For myself (Jeff), this is really not a big deal because I tend to downgrade my book condition anyway. I'd rather have a customer be pleasantly surprised than surprisingly disappointed in the condition of their book. My personal policy is, I only list a book as New if it is still in factory shrink wrap. And I only use Like New if it looks as if you removed the shrink wrap seconds earlier. With the new policy changes, I am even less likely to use either of these designations and I encourage other sellers to do the same to avoid controversy.
2) The single ASIN exemption to Long Term Storage Fees has been removed.
This is a major policy adjustment on Amazon's part. This one however, actually makes sense. Let me explain.

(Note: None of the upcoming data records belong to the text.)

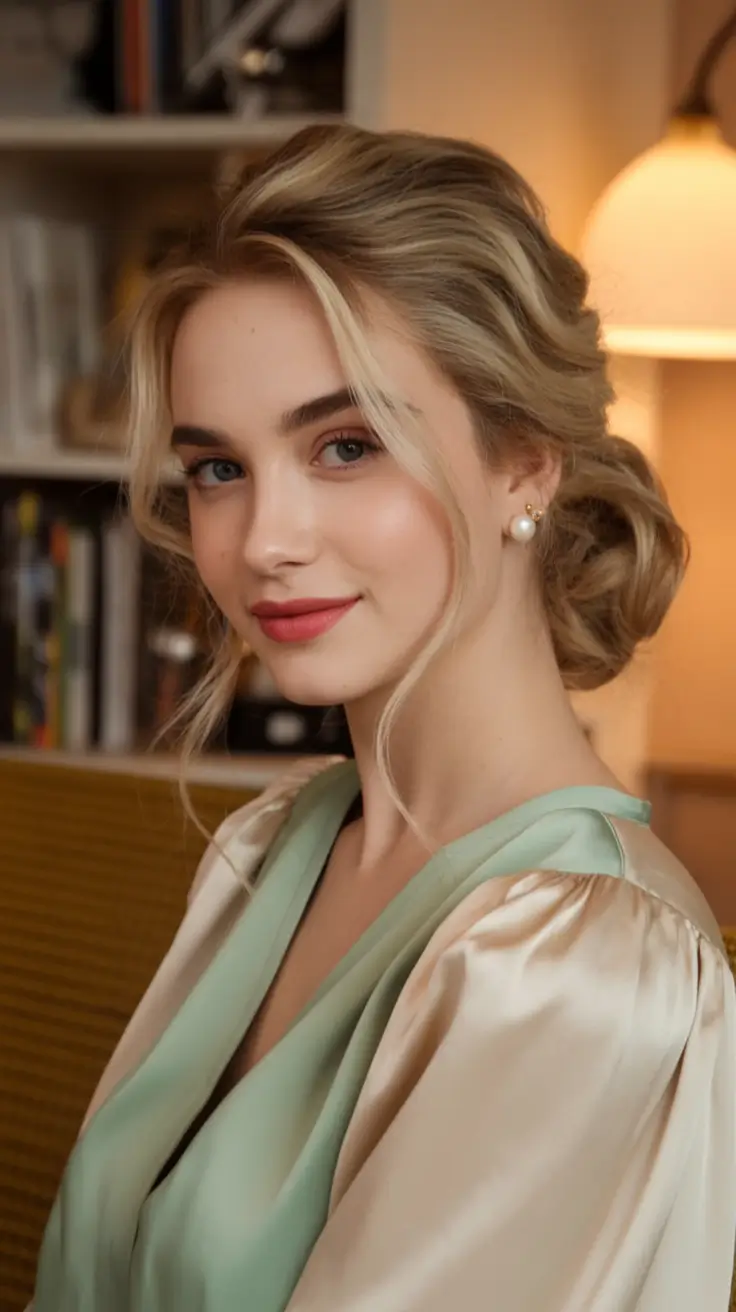 Fall hairstyle for long hairs 2025 Classic Chignon with Soft Blonde Waves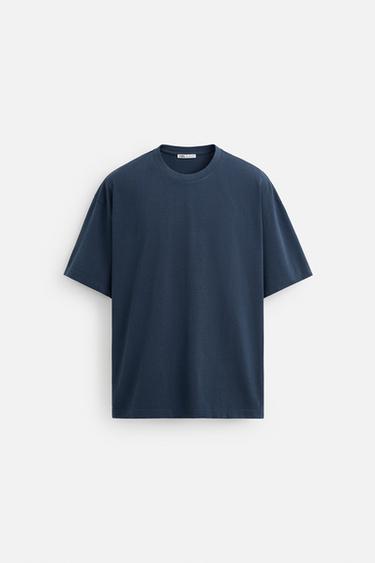 Zara BASIC HEAVY WEIGHT T-SHIRT - Blue - Image 0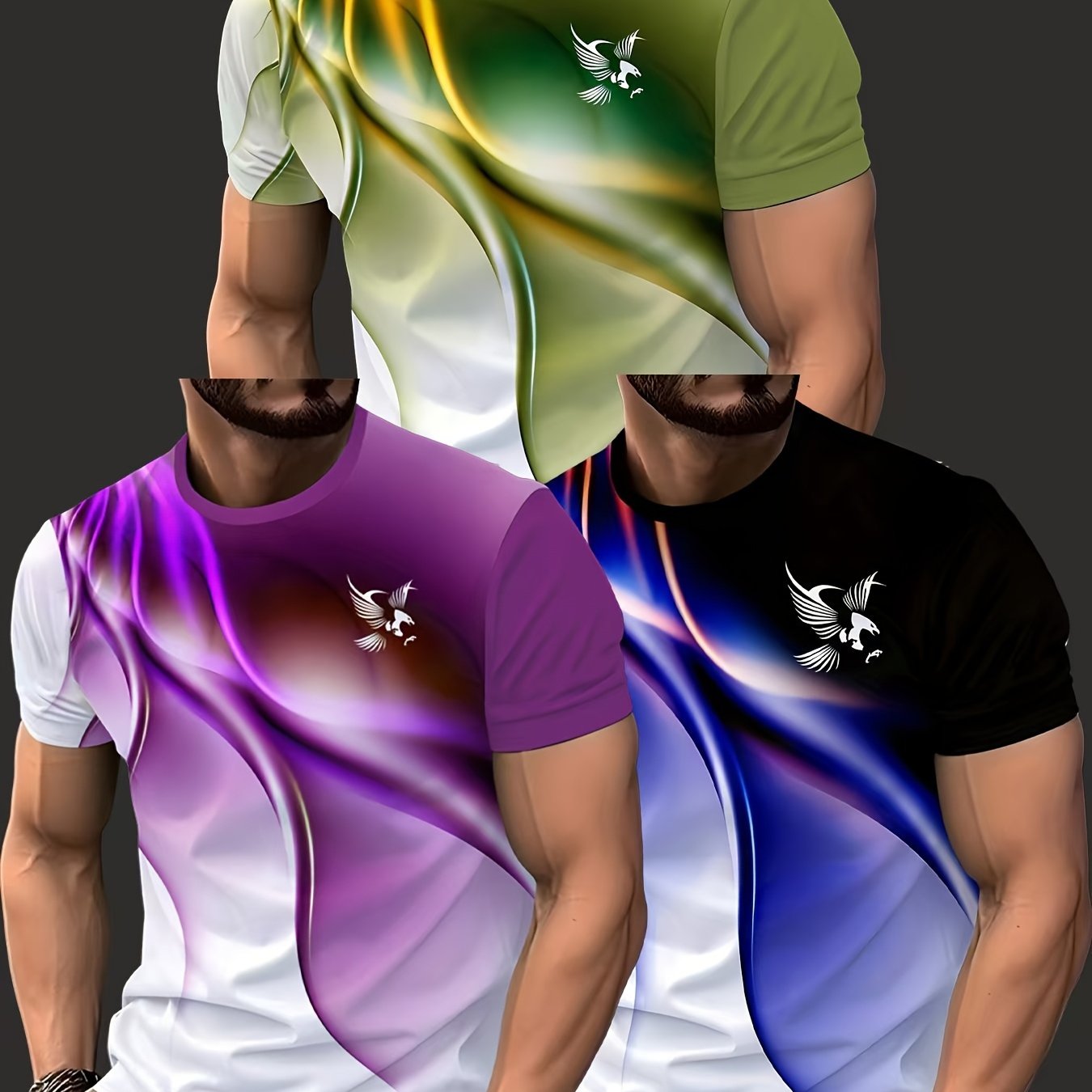 TEMU 3pcs Men's Casual Short Sleeve T-shirt Set - Vibrant Geometric Bird Pattern, Gradient Design, Round Neck Regular Fit, Machine Washable Daily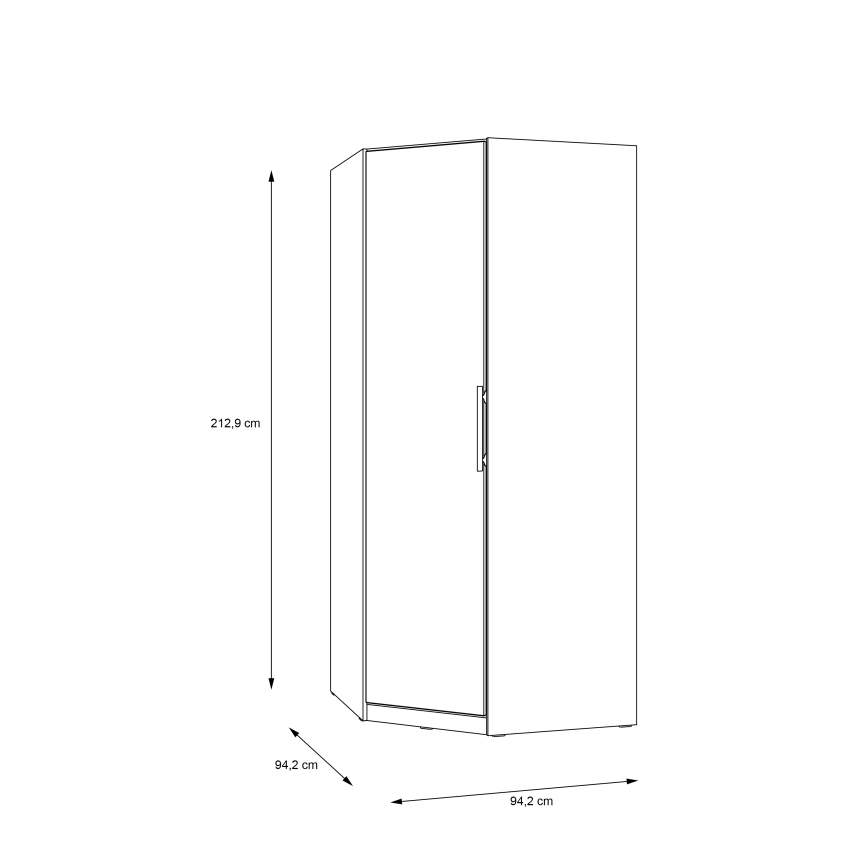 Hörngarderob MARO 94x213 cm, Artisan-ek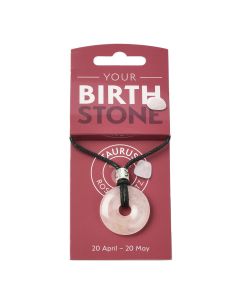 TAURUS Rose Quartz Birthstone Donut Pendant on Thong with Charm (3pc) NFD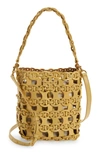 Tory Burch Mcgraw Small Woven Leather Bucket Bag In Beeswax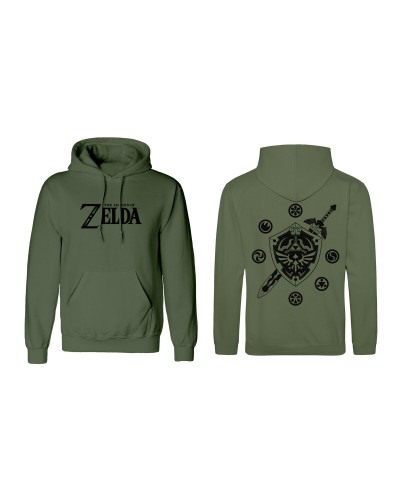Zelda Logo & Schild Grün Kapuzenpullover - Unisex Baumwolle Offiziell Lizenziert
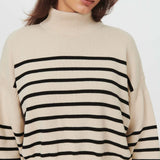 Rowie - Wally Stripe Knit Jumper - Ecru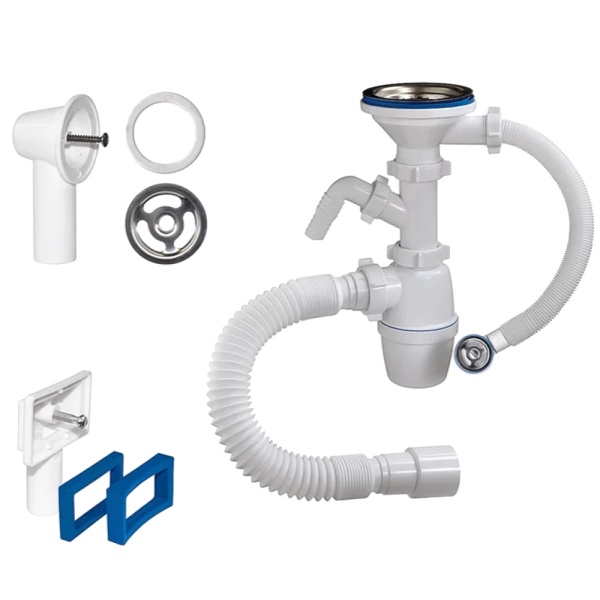 Сифон мойки бут г/пер 3 1/2"x40 гофр 40х40/50 отв нерж/сетка Орио Б-4511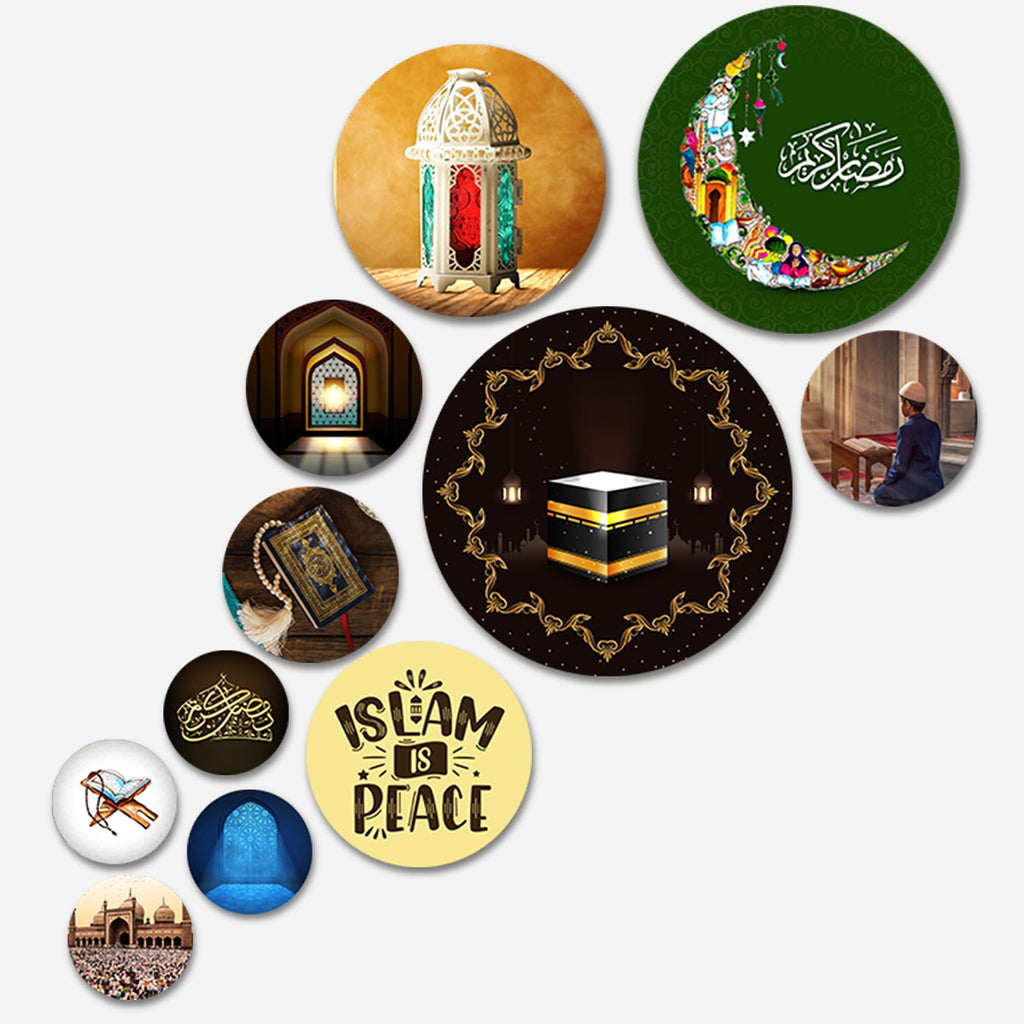 Artvibes Ramadan Special Islamic Round Shape MDF Wooden Wall Decor Items | Living Room | Office | Wall Art Painting For Hall | Graphic Artwork | Wall Art Print | Gift Items (WPS_107NN), Set of 11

For FBA items, Amazon charges monthly storage fees to keep them in the warehouse. These amount to pennies a month and are generally a negligible cost of business. Several years ago, Amazon added Long Term Storage Fees, which are extra fees for those items that have been in an Amazon warehouse for longer than six months. This policy encourages sellers to send in items that will move fast and not collect dust in the warehouse. This makes sense. Amazon does not want to be in the storage business, they want to be in the selling business. I can't blame them.
Until very recently, Amazon exempted items for which the seller only had a quantity of one. This was good news for sellers like me, with lots of one-off books in the Amazon warehouses. As I said though, until recently...
Amazon now has lifted the single ASIN exemption AND increased their Long Term Storage Fees AND increased their monthly storage fees AND increased monthly storage fees significantly over Q4! Many sellers (particularly book and music sellers) freaked out over this. Some of them started petitions to get Amazon to change their policy back. Some of them have even quit the business altogether.
My (Jeff's) philosophy has always been, “It's Amazon's sandbox and they're letting us play in it. They get to make all the rules.” Meaning, if you're going to sell on Amazon, you'd better be prepared to adapt when they change the rules.
So how do we adapt to this? Simple. Change your sourcing criteria. For example, books with higher ranks are more likely to sit in the warehouse longer before they sell and incur Long Term Storage Fees. Under the single ASIN exemption, I may have sent a book in with a rank of 3-4 million with a list price of $12-15, knowing that it would incur monthly fees, but not Long Term fees, and would still make me a profit when it sold, even if it took a couple years.
Without the single ASIN exemption, I still send in books with high ranks, but they need to be able to list for much more money. If I am sending a book with a rank of 3-4 million now, it better be priced at $50 or higher. That way, even with the higher monthly fees plus Long Term Storage Fees, I will still be making a profit.
For example, here is a book that I sold recently for $27.85, rank 1.8 million.
I paid 10 cents for it at a library bag sale. It sat in the warehouse for 18 months. Using Amazon's new formulae, this book would incur total storage fees of just under $5 over 18 months. That's pretty significant if you selling price is $15, but quite manageable with a selling price of $27.85.